:: WHAT IS EXPECTED ::
Leaving the pictures aside, repeat every line below exactly.

:: INFORMATION PROVIDED ::

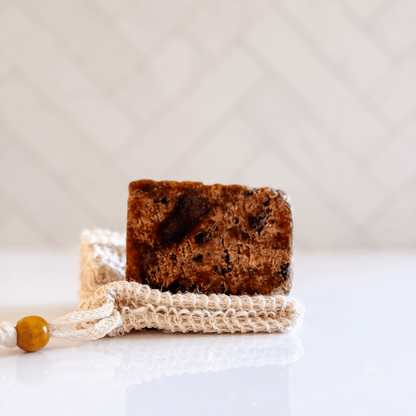 Authentic Luxury Raw African Black Soap Bar | unscented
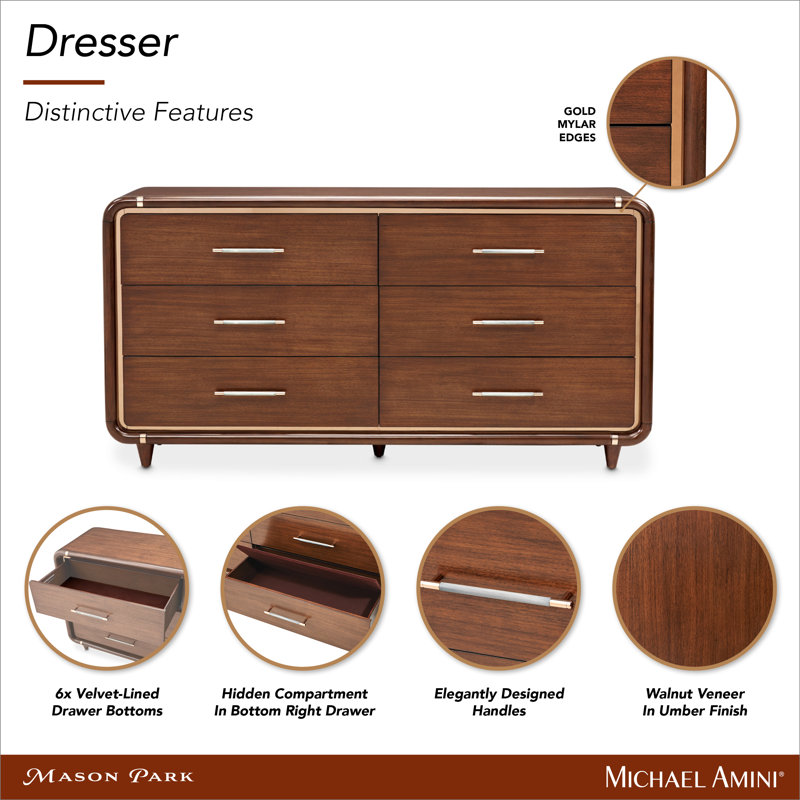Mason Park 6 - Drawer Dresser
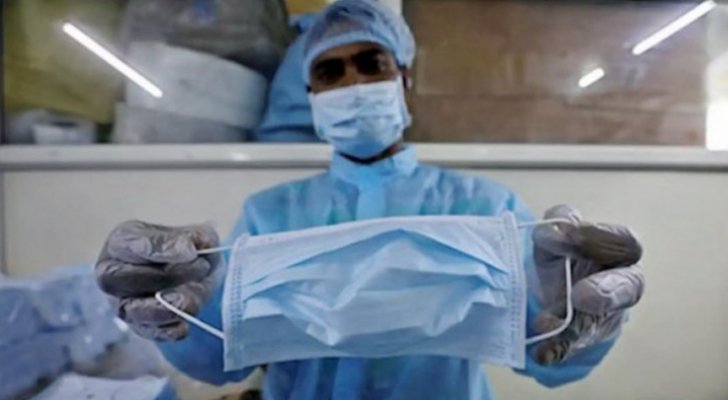 الصحة العاليمة تنصح بعدم وضع الكمامات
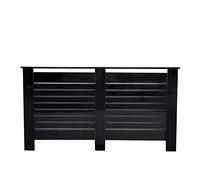 CFDZ Newry High Gloss Radiator Covers,in 4 Sizes,in 4 Colors,Wall Decorative Cabinet,Assemble Needed,78/111.5/151.5/172cmX19X82cm (Black-Large-151.5cm)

:: YOUR SOLUTION ::
 Authentic Luxury Raw African Black Soap Bar | unscented
Mason Park 6 - Drawer Dresser
 الصحة العاليمة تنصح بعدم وضع الكمامات
 CFDZ Newry High Gloss Radiator Covers,in 4 Sizes,in 4 Colors,Wall Decorative Cabinet,Assemble Needed,78/111.5/151.5/172cmX19X82cm (Black-Large-151.5cm)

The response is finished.